In 2017, the first global treaty to reduce anthropogenic mercury emissions – called the Minamata Convention on Mercury – went into effect. But the policy targets did not consider how marine ecosystems are changing due to things like overfishing and warming sea temperatures. Sunderland and colleagues collected 30 years of data on mercury levels in seawater, sediments and marine ecosystems in the Gulf of Maine, an area that commercial fisheries have exploited for more than 200 years. The researchers then used the three decades of data to build a model of mercury accumulation in Atlantic cod and Atlantic bluefin tuna. 

Regulations Needed

The model revealed methylmercury concentrations in Atlantic cod have shot up 23 percent since the 1970s due to overfishing, the researchers report Wednesday in the journal Nature. The overharvesting of other species meant cod shifted their diet from small prey that did not have a lot of methylmercury to larger herring and lobster, which do. The researchers say during the 70s cod had concentrations of methylmercury six to 20 percent lower than they do today.

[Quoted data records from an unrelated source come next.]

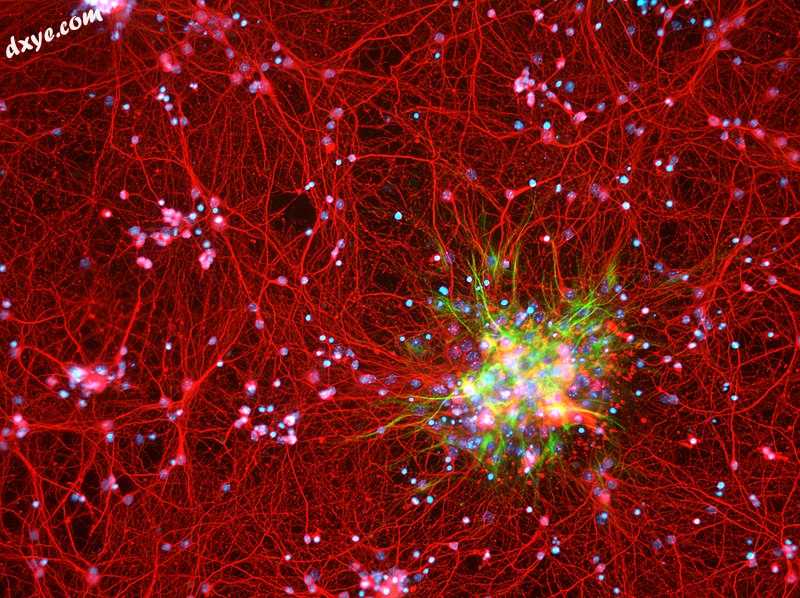 Astrocytes (green) in the context of neurons (red) in a mouse cortex cell culture.jpg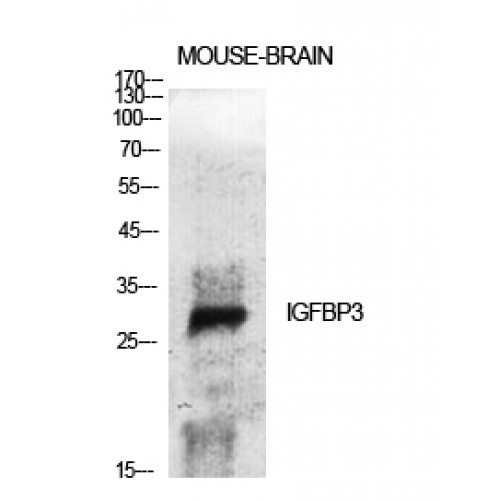 IGFBP3 Antibody - Western blot of IGFBP3 antibody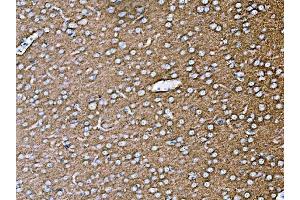 IHC analysis of SYP using anti-SYP antibody (ABIN7603120).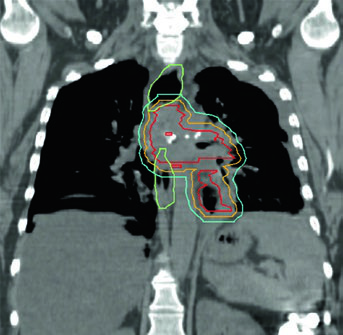 Coronal thoracic target delineation figure from the book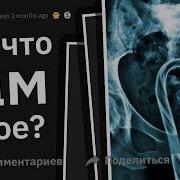 Врачи Рассказывают О Худших Травмах Из За Ceк 2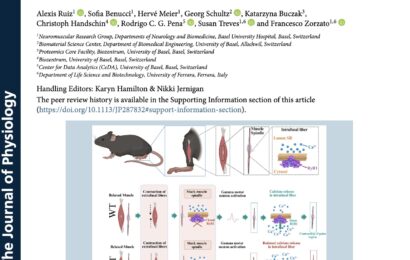 The Journal of Physiology The Journal of Physiology Research Article Open Access Massive reduction of RyR1 in muscle spindles of mice carrying recessive Ryr1 mutations alters proprioception and causes scoliosis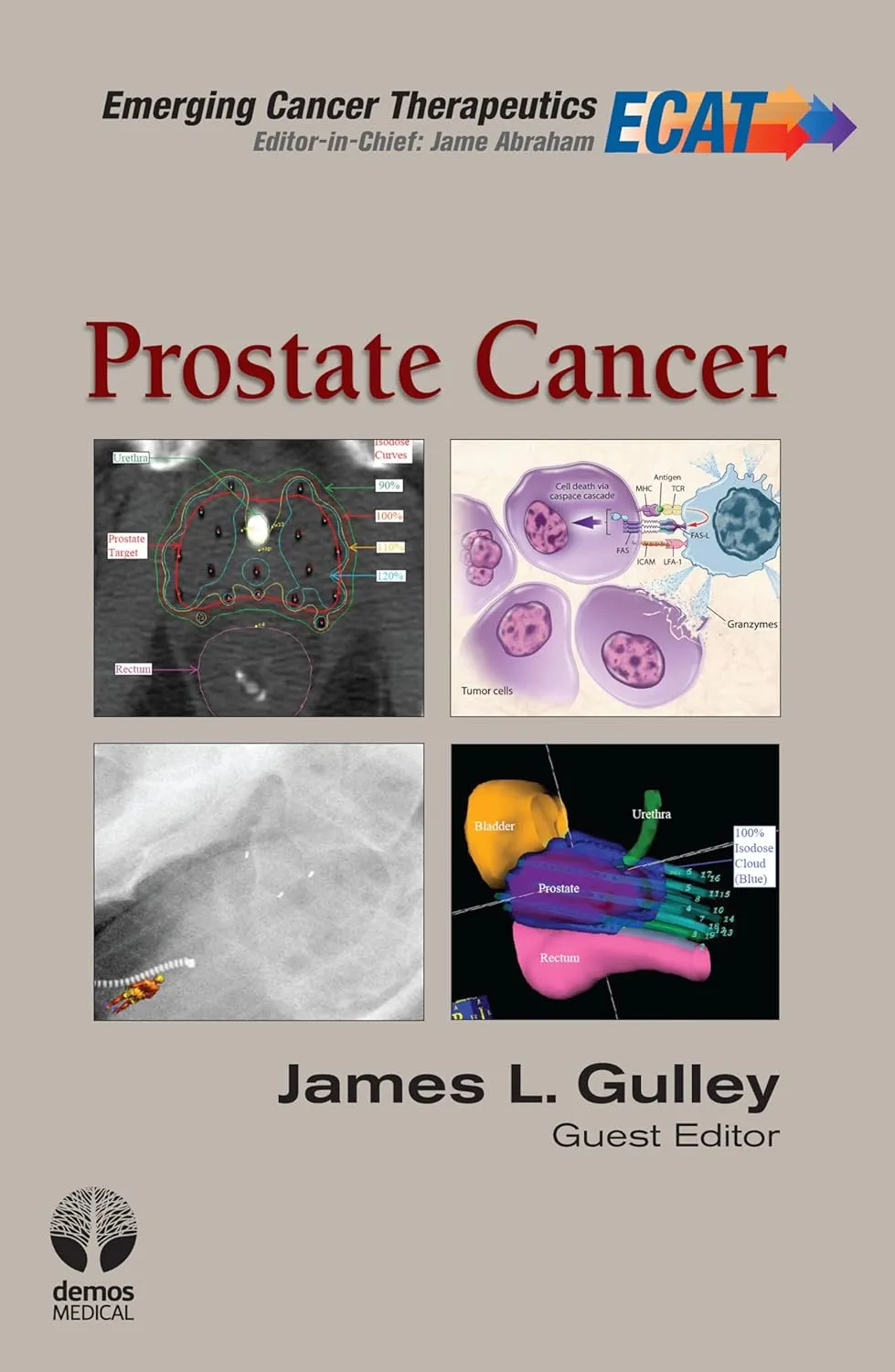 Prostate Cancer | Hardcover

For Atlantic bluefin tuna the picture is worse. Because fish don’t regulate their own body temperature, warming seas kick their metabolism into high gear. The extra calories they burn mean they must eat more, and take in more methylmercury. As a result, the researchers found methylmercury concentrations went up by more than 3.5 percent every year between 2012 and 2017 in Atlantic bluefin tuna even though mercury emissions were dropping.

The findings highlight the need for stronger regulations on two fronts: greenhouse gases and mercury emissions, the researchers say. “If we want to continue the trend of reducing methylmercury exposure in the future, we need a two-pronged approach,” Sunderland said. She and colleagues note reducing air pollution from burning coal would also reduce mercury emissions.